00:04Can you imagine that? Can you imagine that?
00:07Imagine that, eh?
00:09Choir singing
00:33My name is Martin O'Connor and I'm the writer and performer of Through the Shortbread Tin.
00:37The show is a journey through Scottish history.
00:40We look at contemporary times, we look at historical times,
00:44including the story of James Macpherson from the 1700s,
00:47who published a book of Oisín poetry,
00:50which he claimed was a long lost find, but maybe he made the whole thing up.
00:55We poke fun at different Scottish stereotypes and Scottish clichés,
01:00as well as using them to help us maybe understand our cultural identity a wee bit.
01:05And we celebrate some of those things as well.

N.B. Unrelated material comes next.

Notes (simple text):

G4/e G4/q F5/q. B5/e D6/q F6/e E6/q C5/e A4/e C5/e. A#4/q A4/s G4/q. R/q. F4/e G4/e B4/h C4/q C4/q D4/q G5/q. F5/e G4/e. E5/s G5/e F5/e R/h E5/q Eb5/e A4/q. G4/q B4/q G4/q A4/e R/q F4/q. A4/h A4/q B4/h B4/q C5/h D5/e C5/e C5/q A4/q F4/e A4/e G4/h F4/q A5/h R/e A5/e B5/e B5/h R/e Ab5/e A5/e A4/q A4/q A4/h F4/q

01:08I'm performing and telling the story, but there are three singers with me,
01:12Mari Morrison, Claire Francis McNeill and Josie Duncan, who are singing in Gaelic.

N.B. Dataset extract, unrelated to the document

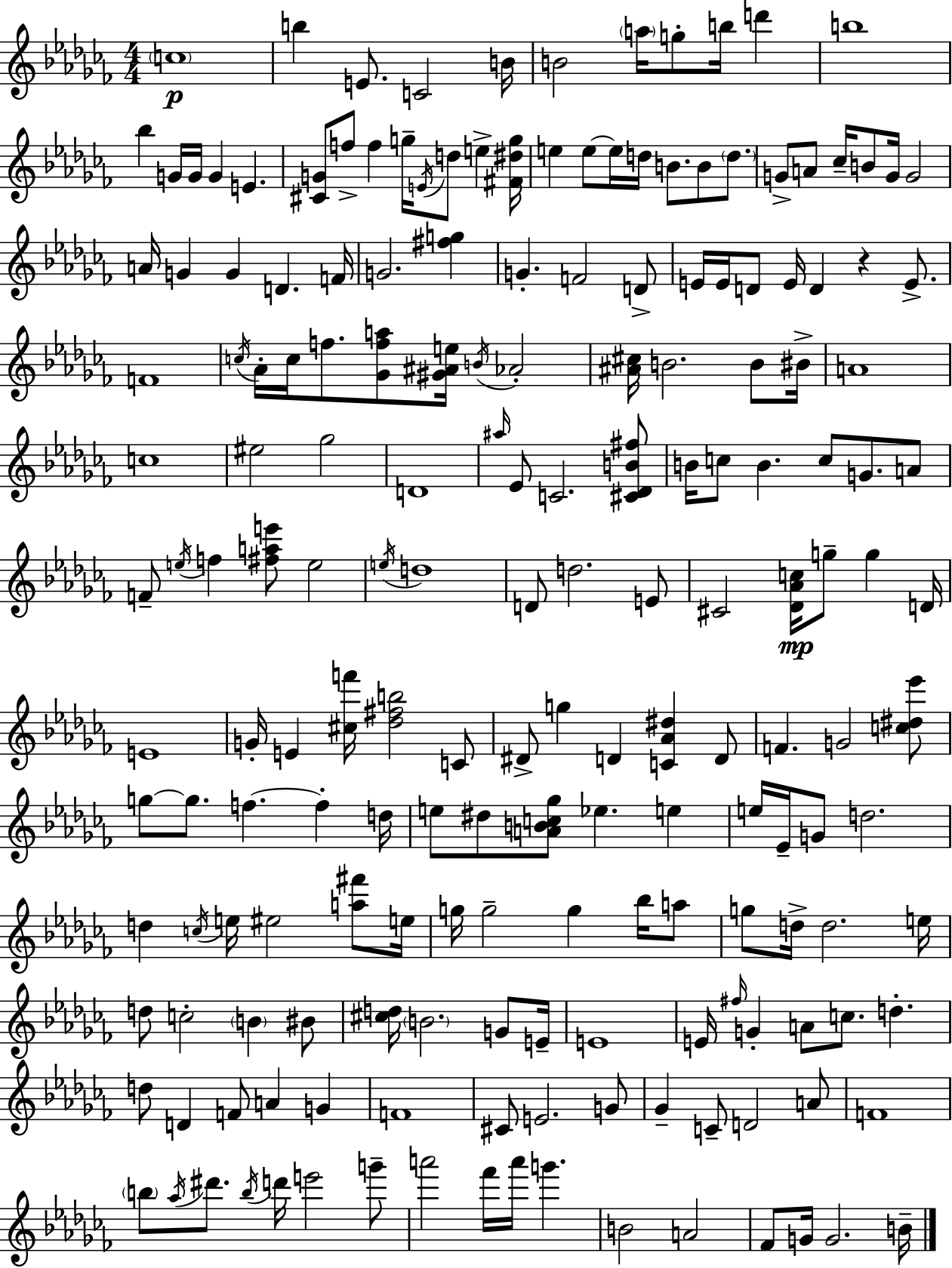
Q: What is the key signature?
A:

01:16And those songs are taken directly from the tales of Oisín that James Macpherson wrote in English,
01:22but we've translated them back into Gaelic.
01:24I hope that people come to see the play and maybe ask some questions about Scottish history
01:29and Scottish culture that maybe we haven't learned.
01:32We're not the best at talking about Scottish history or learning about Scottish history when we're young
01:37and there are a lot of questions and provocations in the show.
01:39So I hope that people will start to think a wee bit more about their Scottish cultural identity.
01:45But we also tell a modern story about Scotland today,
01:49about how we might feel about our culture today
01:51and how we might feel about the Scots and Gaelic language as well.
01:54I think it's going to be very exciting to tour Scotland because I'm from Glasgow
01:59and this is a very Glaswegian point of view about Scotland and about the Highlands
02:03and about our oral tradition.
02:05So I think it will be really interesting to take it to some of those places
02:09where Gaelic is spoken, where Scots is spoken
02:12and maybe people might have a different experience or understanding of those things.
02:16It's 1988, it's Glasgow, a place called Pollock.
02:21It's a wee scheme on the edge of a field.
02:24It's a living room and a four-in-a-block,
02:27with pebbledash, super fresco wallpaper, the electric fire, the three-piece,
02:33and amber, and I'm ten years old.
02:38It's a big audacious take on a very interesting historical event
02:45which has been lost to public knowledge because not enough people know about James Macpherson.
02:50At the heart of this show is the question of what it is to hear or not hear
02:55and to speak or not speak the language of your own country.
02:59And so within the show it is a one-man show but it's actually a four-person show
03:03because there are three brilliant Gaelic singers
03:06who are singing original Gaelic music across the course of the show
03:11and it will be delightful.
03:13Through the Shortbread Tin we'll be touring across Scotland
03:15between the 1st of April and the 2nd of May.
03:18We are visiting venues across the breadth of the country
03:22so we will be in Ullapool, in Stornoway, in Lerwick,
03:27up in Inverness, down in Glasgow, in the borders in Melrose
03:31and in Edinburgh at the Storytelling Centre.